Yes. Note a few things:

1. When you say "over the wire" keep in mind this is not at all like over an audio cable. It's a stream buried in Ethernet traffic and is in packet format. It's not even digital audio like over coaxial or optical cable.

2. You're correct in that WAV takes up an order of magnitude more bandwidth than MP3, which is why so many people with Squeezeboxes use FLAC. It's the same quality but takes up 40-60% less bandwidth through lossless compression.

obstreperousness
2006-07-21, 09:01
Yes. Note a few things:

1. When you say "over the wire" keep in mind this is not at all like over an audio cable. It's a stream buried in Ethernet traffic and is in packet format. It's not even digital audio like over coaxial or optical cable.

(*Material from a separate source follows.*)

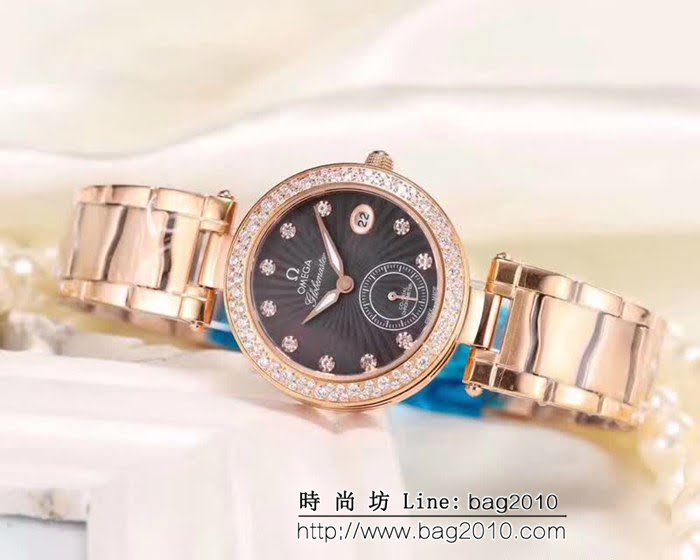 歐米茄OMEGA 時尚水鑽 女士石英腕表 WSS2206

2. You're correct in that WAV takes up an order of magnitude more bandwidth than MP3, which is why so many people with Squeezeboxes use FLAC. It's the same quality but takes up 40-60% less bandwidth through lossless compression.

Does that mean, then, I can fire an audio stream at the correct TCP port on the SB and expect it to turn it into sound, bypassing SlimServer and all its advanced features? Would you have to tell the SB anything else, like what format to expect? There's got to be more to it than that...
I don't actually have the SB yet, so these matters are purely ethereal. Just want to know what's possible.

Mark Lanctot
2006-07-21, 10:19
Does that mean, then, I can fire an audio stream at the correct TCP port on the SB and expect it to turn it into sound, bypassing SlimServer and all its advanced features? Would you have to tell the SB anything else, like what format to expect? There's got to be more to it than that...

No, I should have qualified my response.

The stream is sent using the SlimProto TCP Protocol. See here:

http://wiki.slimdevices.com/index.cgi?SlimProtoTCPProtocol

SlimServer generates the SlimProto packets and the SB has an interpreter to decode them. If you had a program that could generate SlimProto packets, then you could replace SlimServer. I'm currently unaware of a program that replaces SlimServer entirely. The alternate servers here still use the SlimServer CLI to generate packets: http://wiki.slimdevices.com/index.cgi?PluginRemoteControls

There's only one SlimProto player listed here:

http://wiki.slimdevices.com/index.cgi?PluginPlayers

and that's SoftSqueeze, although there's a simple command-line version called squeezeslave available at the SoftSqueeze SourceForge site in the Files section. The other players listed in the wiki are for the older SLIMP3 Client protocol.

BTW you can try out both SlimServer and SoftSqueeze right now as they are both free. In fact, it's a good idea to install SlimServer before you get a Squeezebox so you can get a feel for it.